目を見開いたが、もう驚きはしなかった。ただ、静かに頷く。


「君は……やっぱり、すごいんだな」


「……そうでしょうか」


カナが小さく笑う。

夜の帳が静かに降り始めていた。


「明日には王都だ」


エリアスがぽつりと言ったその声が、ふたりの間にそっと響く。


「君は、最初の頃に比べて、ずいぶんしゃべるようになったな。

……いや、悪い意味じゃなくてだな」


「……そうですか?

……ちょっとだけ、慣れてきたのかも」


小さな声ながら、自然に出た言葉だった。

エリアスは少し驚いた顔をしてから、笑った。


「いい兆しだ。

――王都は……まぁ、騒がしいが、面白いぞ。

昼には城門が見えるだろう。

君にとっては、きっと新しい世界だ。

……怖いか?」


エリアスがそう尋ねると、カナは少し間を置いて、小さく首を横に振った。


「……少し、怖いけど……。

でも、楽しみでもあります」


エリアスは満足そうに頷き、立ち上がる。


「ふむ。上等だ。

――さて、そろそろ宿に戻るか」


「……ふふ。はい、そうですね」


その笑みに、エリアスは少し驚いたような顔をしながらも、なにも言わずに隣を歩き出した。
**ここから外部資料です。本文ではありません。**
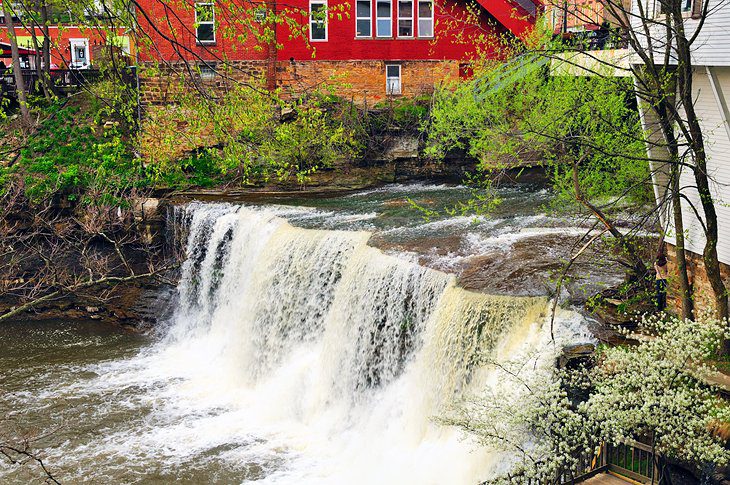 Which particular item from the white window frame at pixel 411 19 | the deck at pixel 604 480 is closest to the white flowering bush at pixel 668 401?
the deck at pixel 604 480

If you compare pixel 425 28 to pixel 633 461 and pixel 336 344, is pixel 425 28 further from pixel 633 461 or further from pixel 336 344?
pixel 633 461

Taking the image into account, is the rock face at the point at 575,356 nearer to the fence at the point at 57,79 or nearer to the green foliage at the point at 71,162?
the green foliage at the point at 71,162

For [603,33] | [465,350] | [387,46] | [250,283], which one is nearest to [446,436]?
[465,350]

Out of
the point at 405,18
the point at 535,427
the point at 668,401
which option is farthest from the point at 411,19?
the point at 668,401

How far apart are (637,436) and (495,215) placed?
9.84 m

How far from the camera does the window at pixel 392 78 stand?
2902 centimetres

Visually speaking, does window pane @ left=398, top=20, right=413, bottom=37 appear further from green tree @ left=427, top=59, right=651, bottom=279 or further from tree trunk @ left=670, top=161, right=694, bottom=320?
tree trunk @ left=670, top=161, right=694, bottom=320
茜の空が夜の帳へと移り変わる中、二人の影が静かに並ぶ。


精霊の森で目覚めたあの日から、まだそれほどの時が流れたわけではない。

けれど、確かに世界は広がりつつあった。

これから訪れる王都で、自分が何を見て、誰と出会い、どんなふうに生きていくのか──。


カナは、そっと胸元のペンダントを指先でなぞった。

明日、旅は新たな章へと進んでいく。